◆ WORK TASK
Consider the data that follows and state how many lines contain the string "against", using the number alone.

◆ INPUT DATA
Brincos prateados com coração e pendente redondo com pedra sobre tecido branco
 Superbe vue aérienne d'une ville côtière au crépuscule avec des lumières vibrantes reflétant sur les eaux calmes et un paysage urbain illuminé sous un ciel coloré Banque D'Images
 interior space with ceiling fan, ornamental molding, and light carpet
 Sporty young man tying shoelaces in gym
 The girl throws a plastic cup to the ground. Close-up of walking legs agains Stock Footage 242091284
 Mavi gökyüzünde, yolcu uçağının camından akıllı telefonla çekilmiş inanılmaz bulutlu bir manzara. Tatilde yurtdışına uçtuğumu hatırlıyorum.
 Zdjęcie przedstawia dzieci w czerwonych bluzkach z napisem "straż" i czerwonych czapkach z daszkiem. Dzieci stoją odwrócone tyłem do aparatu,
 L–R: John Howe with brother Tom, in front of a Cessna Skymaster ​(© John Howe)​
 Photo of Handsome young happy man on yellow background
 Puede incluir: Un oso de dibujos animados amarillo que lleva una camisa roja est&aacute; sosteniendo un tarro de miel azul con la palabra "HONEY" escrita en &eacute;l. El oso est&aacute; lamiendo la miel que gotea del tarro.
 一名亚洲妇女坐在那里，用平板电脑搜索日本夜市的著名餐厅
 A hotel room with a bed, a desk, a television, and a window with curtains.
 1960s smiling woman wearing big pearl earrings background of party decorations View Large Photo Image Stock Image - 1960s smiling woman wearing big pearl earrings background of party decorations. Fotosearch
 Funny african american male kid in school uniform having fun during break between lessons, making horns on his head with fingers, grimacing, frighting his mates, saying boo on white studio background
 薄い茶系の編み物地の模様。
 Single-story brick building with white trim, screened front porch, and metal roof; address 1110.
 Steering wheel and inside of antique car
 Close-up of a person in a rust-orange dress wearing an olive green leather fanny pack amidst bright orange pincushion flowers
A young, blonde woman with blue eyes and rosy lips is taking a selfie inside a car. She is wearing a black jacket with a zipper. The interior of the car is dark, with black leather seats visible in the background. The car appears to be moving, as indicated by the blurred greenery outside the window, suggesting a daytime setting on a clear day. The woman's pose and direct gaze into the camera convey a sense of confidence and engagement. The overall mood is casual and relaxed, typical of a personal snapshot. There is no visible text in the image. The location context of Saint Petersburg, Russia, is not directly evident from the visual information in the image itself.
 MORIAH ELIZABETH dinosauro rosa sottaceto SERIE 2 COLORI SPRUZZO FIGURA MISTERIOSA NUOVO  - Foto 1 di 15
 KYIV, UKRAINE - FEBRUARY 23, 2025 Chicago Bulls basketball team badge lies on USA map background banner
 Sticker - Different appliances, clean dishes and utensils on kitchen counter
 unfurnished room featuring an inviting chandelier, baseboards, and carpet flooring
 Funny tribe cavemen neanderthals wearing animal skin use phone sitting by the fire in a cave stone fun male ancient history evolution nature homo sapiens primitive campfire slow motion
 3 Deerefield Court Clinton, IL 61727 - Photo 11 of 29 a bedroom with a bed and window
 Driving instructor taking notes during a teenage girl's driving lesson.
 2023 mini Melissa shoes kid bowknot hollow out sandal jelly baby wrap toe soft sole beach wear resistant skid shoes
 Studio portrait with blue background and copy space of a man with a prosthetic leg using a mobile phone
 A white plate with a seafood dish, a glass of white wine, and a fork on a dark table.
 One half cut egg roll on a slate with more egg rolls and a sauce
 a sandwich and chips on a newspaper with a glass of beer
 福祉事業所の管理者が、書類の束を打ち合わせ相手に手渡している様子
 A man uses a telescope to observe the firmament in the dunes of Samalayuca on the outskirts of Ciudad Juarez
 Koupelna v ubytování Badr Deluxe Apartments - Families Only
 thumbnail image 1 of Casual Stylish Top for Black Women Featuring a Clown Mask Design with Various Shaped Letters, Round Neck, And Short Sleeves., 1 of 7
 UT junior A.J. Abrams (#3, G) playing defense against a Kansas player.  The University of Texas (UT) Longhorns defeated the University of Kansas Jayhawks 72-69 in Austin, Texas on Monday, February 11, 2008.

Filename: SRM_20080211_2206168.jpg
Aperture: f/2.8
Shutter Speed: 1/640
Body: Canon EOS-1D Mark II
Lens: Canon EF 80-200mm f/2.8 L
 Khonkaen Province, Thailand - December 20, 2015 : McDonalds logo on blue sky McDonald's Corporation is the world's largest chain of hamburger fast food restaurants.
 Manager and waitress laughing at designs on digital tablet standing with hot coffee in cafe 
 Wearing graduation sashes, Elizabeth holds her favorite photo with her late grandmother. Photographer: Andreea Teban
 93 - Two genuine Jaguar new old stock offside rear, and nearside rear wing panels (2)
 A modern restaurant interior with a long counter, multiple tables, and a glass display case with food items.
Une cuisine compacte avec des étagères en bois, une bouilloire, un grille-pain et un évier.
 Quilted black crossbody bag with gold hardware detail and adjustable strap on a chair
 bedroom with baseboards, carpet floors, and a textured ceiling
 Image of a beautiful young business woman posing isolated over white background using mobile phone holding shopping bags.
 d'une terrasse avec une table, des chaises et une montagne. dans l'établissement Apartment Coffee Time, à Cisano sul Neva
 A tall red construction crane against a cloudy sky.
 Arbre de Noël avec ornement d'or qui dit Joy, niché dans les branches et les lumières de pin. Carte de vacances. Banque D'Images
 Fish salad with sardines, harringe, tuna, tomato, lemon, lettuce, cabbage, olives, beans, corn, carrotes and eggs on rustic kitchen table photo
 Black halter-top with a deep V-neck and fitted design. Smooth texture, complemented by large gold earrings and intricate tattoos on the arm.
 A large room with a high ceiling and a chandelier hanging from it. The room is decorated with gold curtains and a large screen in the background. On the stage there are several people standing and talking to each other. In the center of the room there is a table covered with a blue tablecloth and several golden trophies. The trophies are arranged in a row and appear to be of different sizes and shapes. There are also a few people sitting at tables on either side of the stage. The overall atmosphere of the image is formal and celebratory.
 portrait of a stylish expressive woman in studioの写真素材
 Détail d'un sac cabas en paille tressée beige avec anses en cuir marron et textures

◆ EXERCISE OUTPUT
2